§ Exercise requirements: Write out the listing below without alteration, omitting its pictures.

*** Opening of Supplied information ***

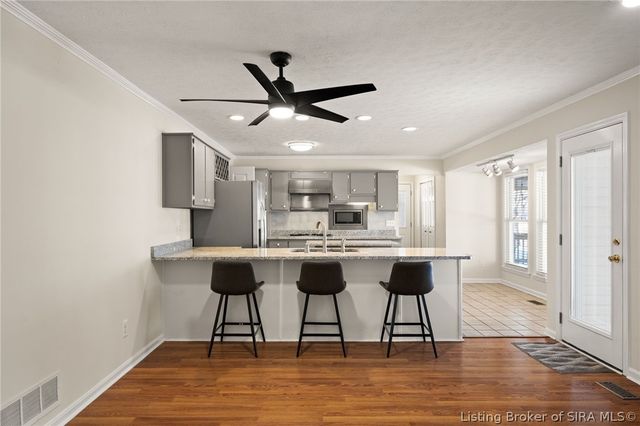 8526 Brock Road, Charlestown, IN 47111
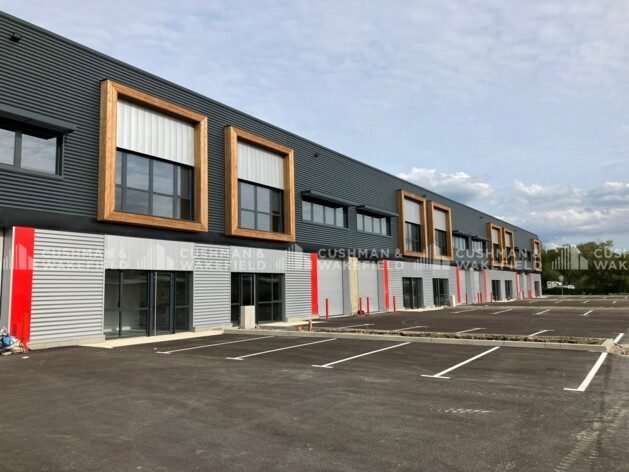 Location entrepôts / activités Manosque Cushman & Wakefield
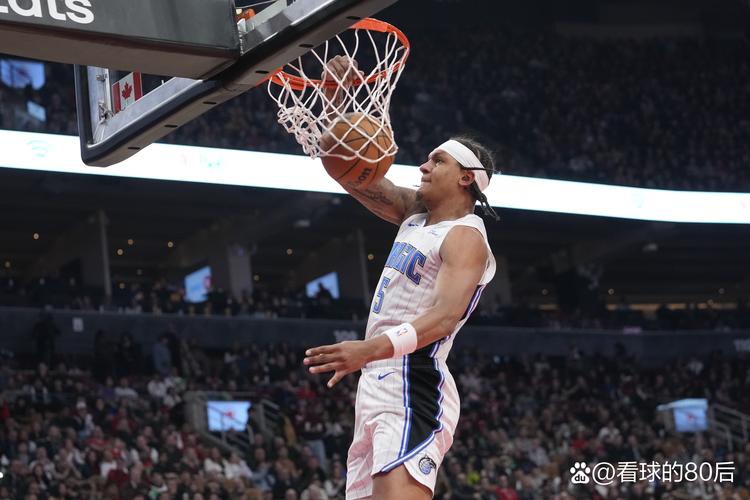 打得乱！费尔斯15中5拿到13分5板3助1断 正负值-10全队最低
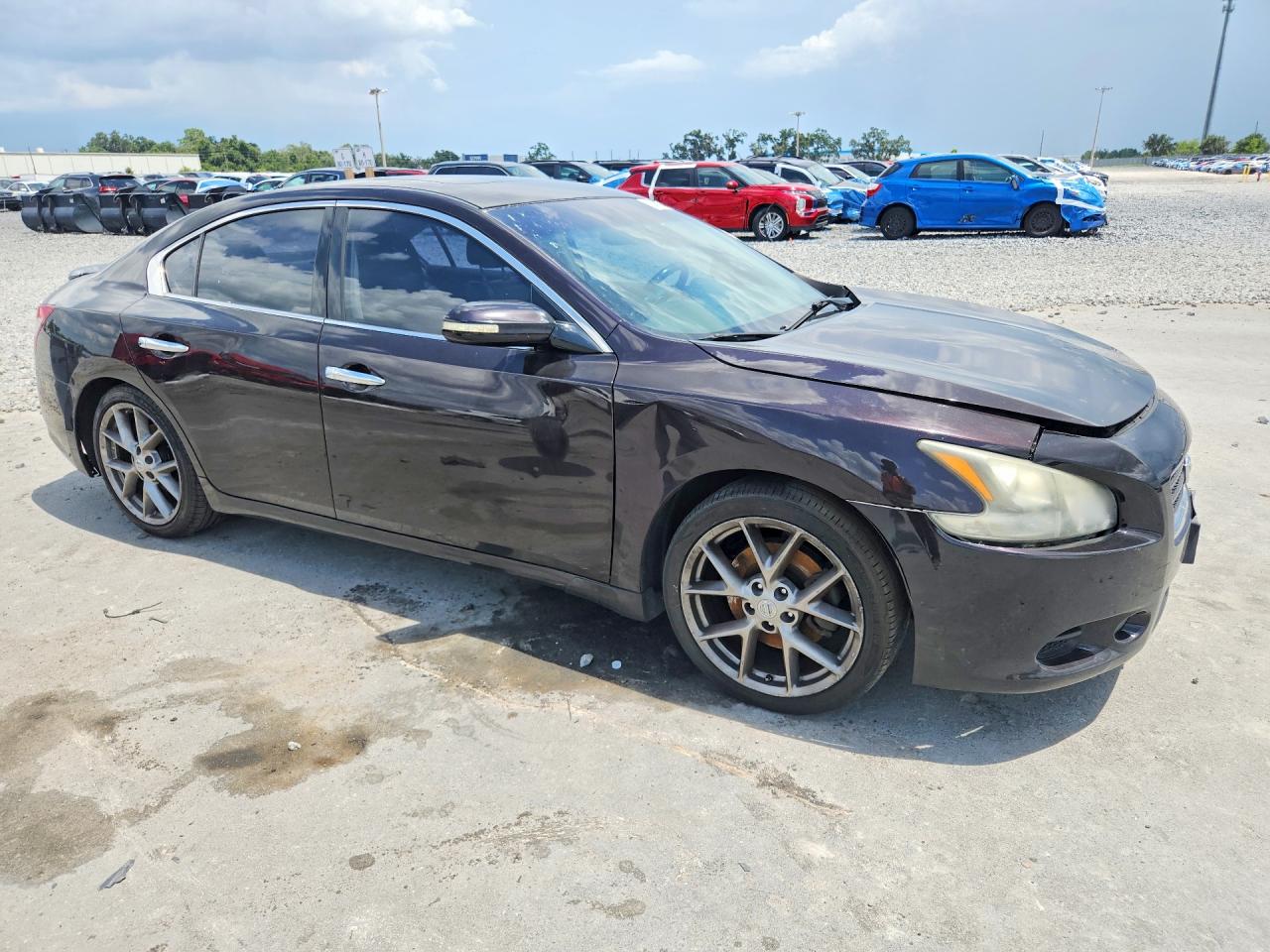 2011 NISSAN MAXIMA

*** Close of Supplied information ***

§ Output of the exercise:
 8526 Brock Road, Charlestown, IN 47111
 Location entrepôts / activités Manosque Cushman & Wakefield
 打得乱！费尔斯15中5拿到13分5板3助1断 正负值-10全队最低
 2011 NISSAN MAXIMA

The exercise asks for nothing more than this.